Let's dive inside the box, once fully assembled, and think about the components that QPC has picked for us to use.
The D.Vine takes advantages of one of last year’s most exciting arrivals – the desktop Pentium M. Quiet PC has allied Aopen’s excellent i915GMm-HFS motherboard, the best Pentium M mainboard currently available, with a 1.7GHz Pentium M 735. This may seem like a somewhat meagre choice of processor considering the 2.26GHz frequency of the flagship Pentium M 780. But Quiet PC also gives full instructions on how to overclock the 1.7GHz to the same level, and we found it would happily run at 2.26GHz for days on end. Considering the huge premium on a true Pentium M 780 – as much as a dual-core Pentium 4 or Athlon 64 – an overclocked 735 is a much more cost-effective platform.

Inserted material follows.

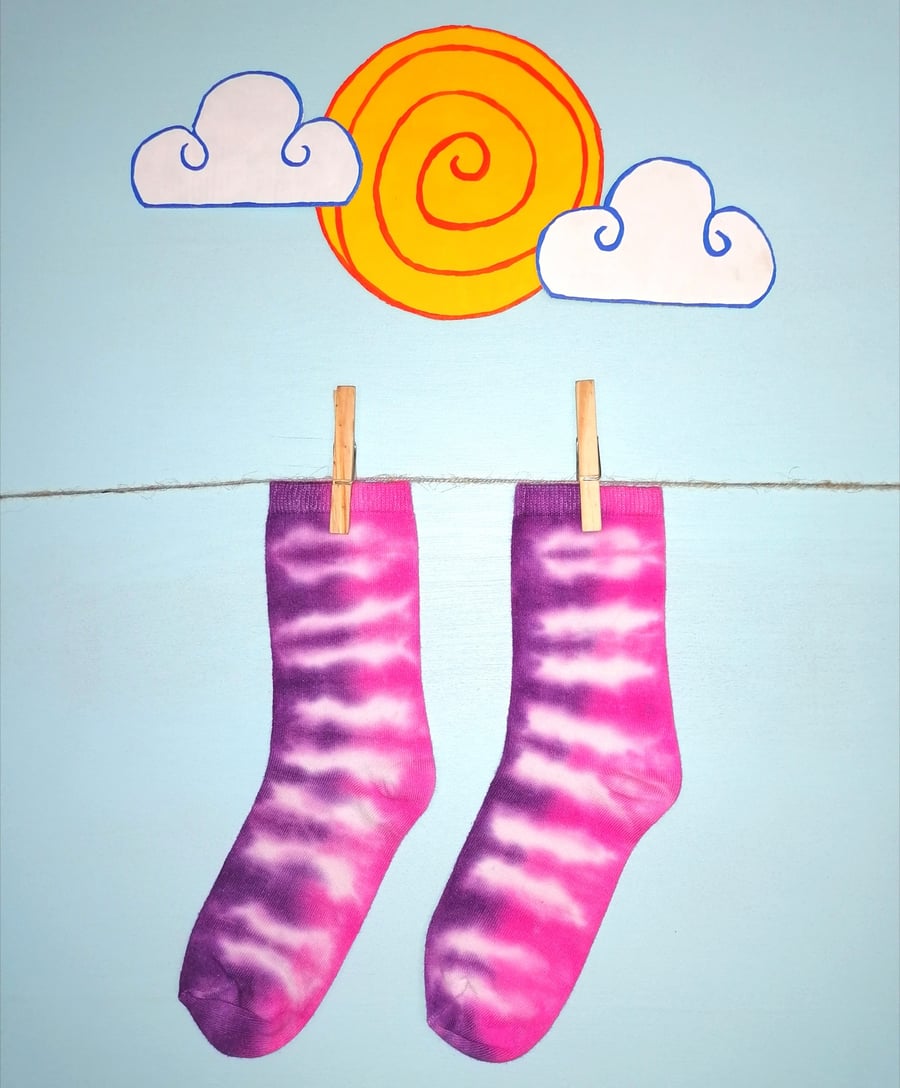 Adults Tie Dye socks - size 3.5 - 5.5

Another pair of discerning choices are the hard disk and optical drive. Samsung’s hard disks have long been a favourite amongst media PC builders, as they’ve held the low-noise crown for a number of years. The Spinpoint P120S is even quieter than previous generations, and also offers a cutting-edge 125GB per platter in this 250GB edition. This makes for superb performance, and is also a decent size for a system destined for PVR duties. The NEC ND-3550A DVD writer is a top performer as well, offering 16x DVD+R and -R, 8x dual-layer DVD+R and 6x dual-layer DVD-R writing. However, it has recently been superseded by the ND-4550A, which Quiet PC says it is considering shipping instead in the future.
Although the Corsair Value Select PC4200 DDR2 memory is not state-of-the-art overclocking memory either, it’s more than sufficient to keep the Pentium M’s FSB supplied, which is still only 533MHz even when overclocked. It would have been a pointless waste to include premium DIMMs.
Since this isn’t a PC intended for gaming, Quiet PC has stuck with the Aopen motherboard’s integrated Intel GMA900 graphics. This will be fine for general-purpose duties, but won’t be able to run games much more recent than Unreal Tournament 2004. It offers the usual VGA and DVI outputs, but also adds S-Video and component YPbPr for HDTV. We didn’t have a high definition screen handy for testing, but we did have a problem with the S-Video output. Although it worked fine during initial bootup, Windows refused to detect our TV unless we set up a dual-monitor system with another VGA or DVI-connected panel. Quiet PC told us that they hadn’t encountered this problem before, but we’ve found discussions of similar situations on Web forums. It’s one of a number of bugs related to Intel’s graphics drivers, another being that you have to install them with your regional settings configured as US English otherwise the GMA applet won’t load properly.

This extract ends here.